WHAT TO DO:
Every line of the material below should be repeated exactly.

RECORDS SHOWN:
=-=-=
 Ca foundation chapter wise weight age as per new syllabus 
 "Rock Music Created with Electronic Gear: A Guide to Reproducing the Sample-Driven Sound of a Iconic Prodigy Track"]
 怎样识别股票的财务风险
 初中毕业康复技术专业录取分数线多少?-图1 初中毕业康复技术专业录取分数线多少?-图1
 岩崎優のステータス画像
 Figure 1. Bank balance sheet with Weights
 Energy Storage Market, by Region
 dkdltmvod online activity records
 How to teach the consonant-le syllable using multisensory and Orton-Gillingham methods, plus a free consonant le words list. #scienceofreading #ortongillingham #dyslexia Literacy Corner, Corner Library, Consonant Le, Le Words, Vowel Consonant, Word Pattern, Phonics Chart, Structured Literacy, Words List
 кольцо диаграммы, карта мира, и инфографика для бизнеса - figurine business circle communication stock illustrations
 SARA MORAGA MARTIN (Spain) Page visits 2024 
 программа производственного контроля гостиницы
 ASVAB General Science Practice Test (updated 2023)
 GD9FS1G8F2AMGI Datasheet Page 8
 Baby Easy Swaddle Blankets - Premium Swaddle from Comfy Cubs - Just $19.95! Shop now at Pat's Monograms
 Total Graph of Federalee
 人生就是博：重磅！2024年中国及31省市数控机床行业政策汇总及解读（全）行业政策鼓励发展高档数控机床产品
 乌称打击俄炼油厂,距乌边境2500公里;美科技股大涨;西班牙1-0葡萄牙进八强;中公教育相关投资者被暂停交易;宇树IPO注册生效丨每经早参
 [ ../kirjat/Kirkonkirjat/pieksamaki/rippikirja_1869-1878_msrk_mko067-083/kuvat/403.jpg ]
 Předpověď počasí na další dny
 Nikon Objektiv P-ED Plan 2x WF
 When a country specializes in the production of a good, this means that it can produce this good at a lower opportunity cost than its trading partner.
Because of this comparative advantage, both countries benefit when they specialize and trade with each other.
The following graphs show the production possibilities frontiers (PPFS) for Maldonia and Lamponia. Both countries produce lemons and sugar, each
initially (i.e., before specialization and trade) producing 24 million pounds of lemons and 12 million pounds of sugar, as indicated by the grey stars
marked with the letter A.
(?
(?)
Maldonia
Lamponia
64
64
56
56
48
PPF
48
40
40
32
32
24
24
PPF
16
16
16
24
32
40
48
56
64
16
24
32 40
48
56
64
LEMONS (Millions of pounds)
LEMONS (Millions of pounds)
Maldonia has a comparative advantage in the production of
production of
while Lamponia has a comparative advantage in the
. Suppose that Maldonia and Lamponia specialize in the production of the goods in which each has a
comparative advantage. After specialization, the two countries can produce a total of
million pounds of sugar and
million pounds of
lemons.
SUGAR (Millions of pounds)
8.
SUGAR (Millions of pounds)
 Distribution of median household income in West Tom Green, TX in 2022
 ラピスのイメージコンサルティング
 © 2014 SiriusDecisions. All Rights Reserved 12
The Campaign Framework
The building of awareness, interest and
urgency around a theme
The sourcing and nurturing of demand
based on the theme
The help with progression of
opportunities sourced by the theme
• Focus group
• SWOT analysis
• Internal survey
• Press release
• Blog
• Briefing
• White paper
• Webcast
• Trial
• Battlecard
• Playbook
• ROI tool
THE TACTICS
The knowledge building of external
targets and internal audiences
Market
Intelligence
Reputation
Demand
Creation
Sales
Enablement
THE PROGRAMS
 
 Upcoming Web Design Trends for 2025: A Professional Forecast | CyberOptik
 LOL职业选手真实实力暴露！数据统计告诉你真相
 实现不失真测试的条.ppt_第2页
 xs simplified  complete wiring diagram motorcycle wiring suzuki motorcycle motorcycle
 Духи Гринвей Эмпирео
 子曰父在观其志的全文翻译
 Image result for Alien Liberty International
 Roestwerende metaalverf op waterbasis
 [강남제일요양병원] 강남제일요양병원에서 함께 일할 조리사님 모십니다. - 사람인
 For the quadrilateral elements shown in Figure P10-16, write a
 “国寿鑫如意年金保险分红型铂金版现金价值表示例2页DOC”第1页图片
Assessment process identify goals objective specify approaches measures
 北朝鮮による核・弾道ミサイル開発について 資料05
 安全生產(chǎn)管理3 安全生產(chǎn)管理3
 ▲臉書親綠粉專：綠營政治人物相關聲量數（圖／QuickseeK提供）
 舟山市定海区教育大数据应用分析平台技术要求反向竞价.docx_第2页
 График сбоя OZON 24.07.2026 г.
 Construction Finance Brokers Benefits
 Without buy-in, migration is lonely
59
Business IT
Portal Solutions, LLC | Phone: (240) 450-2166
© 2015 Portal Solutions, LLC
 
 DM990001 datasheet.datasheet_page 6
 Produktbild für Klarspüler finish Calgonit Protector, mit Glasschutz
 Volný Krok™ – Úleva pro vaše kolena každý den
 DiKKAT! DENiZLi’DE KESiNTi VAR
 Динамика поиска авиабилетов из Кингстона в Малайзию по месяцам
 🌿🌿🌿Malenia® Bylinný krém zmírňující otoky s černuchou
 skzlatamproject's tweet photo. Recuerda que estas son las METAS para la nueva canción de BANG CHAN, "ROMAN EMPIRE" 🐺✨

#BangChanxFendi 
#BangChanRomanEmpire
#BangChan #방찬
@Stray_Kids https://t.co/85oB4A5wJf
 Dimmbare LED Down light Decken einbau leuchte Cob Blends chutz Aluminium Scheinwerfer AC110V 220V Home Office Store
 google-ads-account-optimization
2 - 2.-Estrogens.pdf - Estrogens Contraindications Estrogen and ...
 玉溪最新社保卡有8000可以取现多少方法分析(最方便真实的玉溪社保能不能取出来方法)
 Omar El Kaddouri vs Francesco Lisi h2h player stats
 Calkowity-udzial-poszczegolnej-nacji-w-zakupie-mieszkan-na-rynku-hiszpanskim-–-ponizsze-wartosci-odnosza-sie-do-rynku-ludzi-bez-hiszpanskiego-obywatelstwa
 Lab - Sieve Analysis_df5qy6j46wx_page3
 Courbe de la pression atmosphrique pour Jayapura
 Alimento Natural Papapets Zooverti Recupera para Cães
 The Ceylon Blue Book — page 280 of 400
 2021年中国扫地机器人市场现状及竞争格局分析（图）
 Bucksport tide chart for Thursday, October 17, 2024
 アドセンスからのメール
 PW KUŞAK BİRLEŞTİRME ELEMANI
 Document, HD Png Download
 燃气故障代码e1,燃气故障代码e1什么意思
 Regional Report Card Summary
=-=-=
ANSWER TO THIS PROBLEM:
 Ca foundation chapter wise weight age as per new syllabus 
 "Rock Music Created with Electronic Gear: A Guide to Reproducing the Sample-Driven Sound of a Iconic Prodigy Track"]
 怎样识别股票的财务风险
 初中毕业康复技术专业录取分数线多少?-图1 初中毕业康复技术专业录取分数线多少?-图1
 岩崎優のステータス画像
 Figure 1. Bank balance sheet with Weights
 Energy Storage Market, by Region
 dkdltmvod online activity records
 How to teach the consonant-le syllable using multisensory and Orton-Gillingham methods, plus a free consonant le words list. #scienceofreading #ortongillingham #dyslexia Literacy Corner, Corner Library, Consonant Le, Le Words, Vowel Consonant, Word Pattern, Phonics Chart, Structured Literacy, Words List
 кольцо диаграммы, карта мира, и инфографика для бизнеса - figurine business circle communication stock illustrations
 SARA MORAGA MARTIN (Spain) Page visits 2024 
 программа производственного контроля гостиницы
 ASVAB General Science Practice Test (updated 2023)
 GD9FS1G8F2AMGI Datasheet Page 8
 Baby Easy Swaddle Blankets - Premium Swaddle from Comfy Cubs - Just $19.95! Shop now at Pat's Monograms
 Total Graph of Federalee
 人生就是博：重磅！2024年中国及31省市数控机床行业政策汇总及解读（全）行业政策鼓励发展高档数控机床产品
 乌称打击俄炼油厂,距乌边境2500公里;美科技股大涨;西班牙1-0葡萄牙进八强;中公教育相关投资者被暂停交易;宇树IPO注册生效丨每经早参
 [ ../kirjat/Kirkonkirjat/pieksamaki/rippikirja_1869-1878_msrk_mko067-083/kuvat/403.jpg ]
 Předpověď počasí na další dny
 Nikon Objektiv P-ED Plan 2x WF
 When a country specializes in the production of a good, this means that it can produce this good at a lower opportunity cost than its trading partner.
Because of this comparative advantage, both countries benefit when they specialize and trade with each other.
The following graphs show the production possibilities frontiers (PPFS) for Maldonia and Lamponia. Both countries produce lemons and sugar, each
initially (i.e., before specialization and trade) producing 24 million pounds of lemons and 12 million pounds of sugar, as indicated by the grey stars
marked with the letter A.
(?
(?)
Maldonia
Lamponia
64
64
56
56
48
PPF
48
40
40
32
32
24
24
PPF
16
16
16
24
32
40
48
56
64
16
24
32 40
48
56
64
LEMONS (Millions of pounds)
LEMONS (Millions of pounds)
Maldonia has a comparative advantage in the production of
production of
while Lamponia has a comparative advantage in the
. Suppose that Maldonia and Lamponia specialize in the production of the goods in which each has a
comparative advantage. After specialization, the two countries can produce a total of
million pounds of sugar and
million pounds of
lemons.
SUGAR (Millions of pounds)
8.
SUGAR (Millions of pounds)
 Distribution of median household income in West Tom Green, TX in 2022
 ラピスのイメージコンサルティング
 © 2014 SiriusDecisions. All Rights Reserved 12
The Campaign Framework
The building of awareness, interest and
urgency around a theme
The sourcing and nurturing of demand
based on the theme
The help with progression of
opportunities sourced by the theme
• Focus group
• SWOT analysis
• Internal survey
• Press release
• Blog
• Briefing
• White paper
• Webcast
• Trial
• Battlecard
• Playbook
• ROI tool
THE TACTICS
The knowledge building of external
targets and internal audiences
Market
Intelligence
Reputation
Demand
Creation
Sales
Enablement
THE PROGRAMS
 
 Upcoming Web Design Trends for 2025: A Professional Forecast | CyberOptik
 LOL职业选手真实实力暴露！数据统计告诉你真相
 实现不失真测试的条.ppt_第2页
 xs simplified  complete wiring diagram motorcycle wiring suzuki motorcycle motorcycle
 Духи Гринвей Эмпирео
 子曰父在观其志的全文翻译
 Image result for Alien Liberty International
 Roestwerende metaalverf op waterbasis
 [강남제일요양병원] 강남제일요양병원에서 함께 일할 조리사님 모십니다. - 사람인
 For the quadrilateral elements shown in Figure P10-16, write a
 “国寿鑫如意年金保险分红型铂金版现金价值表示例2页DOC”第1页图片
Assessment process identify goals objective specify approaches measures
 北朝鮮による核・弾道ミサイル開発について 資料05
 安全生產(chǎn)管理3 安全生產(chǎn)管理3
 ▲臉書親綠粉專：綠營政治人物相關聲量數（圖／QuickseeK提供）
 舟山市定海区教育大数据应用分析平台技术要求反向竞价.docx_第2页
 График сбоя OZON 24.07.2026 г.
 Construction Finance Brokers Benefits
 Without buy-in, migration is lonely
59
Business IT
Portal Solutions, LLC | Phone: (240) 450-2166
© 2015 Portal Solutions, LLC
 
 DM990001 datasheet.datasheet_page 6
 Produktbild für Klarspüler finish Calgonit Protector, mit Glasschutz
 Volný Krok™ – Úleva pro vaše kolena každý den
 DiKKAT! DENiZLi’DE KESiNTi VAR
 Динамика поиска авиабилетов из Кингстона в Малайзию по месяцам
 🌿🌿🌿Malenia® Bylinný krém zmírňující otoky s černuchou
 skzlatamproject's tweet photo. Recuerda que estas son las METAS para la nueva canción de BANG CHAN, "ROMAN EMPIRE" 🐺✨

#BangChanxFendi 
#BangChanRomanEmpire
#BangChan #방찬
@Stray_Kids https://t.co/85oB4A5wJf
 Dimmbare LED Down light Decken einbau leuchte Cob Blends chutz Aluminium Scheinwerfer AC110V 220V Home Office Store
 google-ads-account-optimization
2 - 2.-Estrogens.pdf - Estrogens Contraindications Estrogen and ...
 玉溪最新社保卡有8000可以取现多少方法分析(最方便真实的玉溪社保能不能取出来方法)
 Omar El Kaddouri vs Francesco Lisi h2h player stats
 Calkowity-udzial-poszczegolnej-nacji-w-zakupie-mieszkan-na-rynku-hiszpanskim-–-ponizsze-wartosci-odnosza-sie-do-rynku-ludzi-bez-hiszpanskiego-obywatelstwa
 Lab - Sieve Analysis_df5qy6j46wx_page3
 Courbe de la pression atmosphrique pour Jayapura
 Alimento Natural Papapets Zooverti Recupera para Cães
 The Ceylon Blue Book — page 280 of 400
 2021年中国扫地机器人市场现状及竞争格局分析（图）
 Bucksport tide chart for Thursday, October 17, 2024
 アドセンスからのメール
 PW KUŞAK BİRLEŞTİRME ELEMANI
 Document, HD Png Download
 燃气故障代码e1,燃气故障代码e1什么意思
 Regional Report Card Summary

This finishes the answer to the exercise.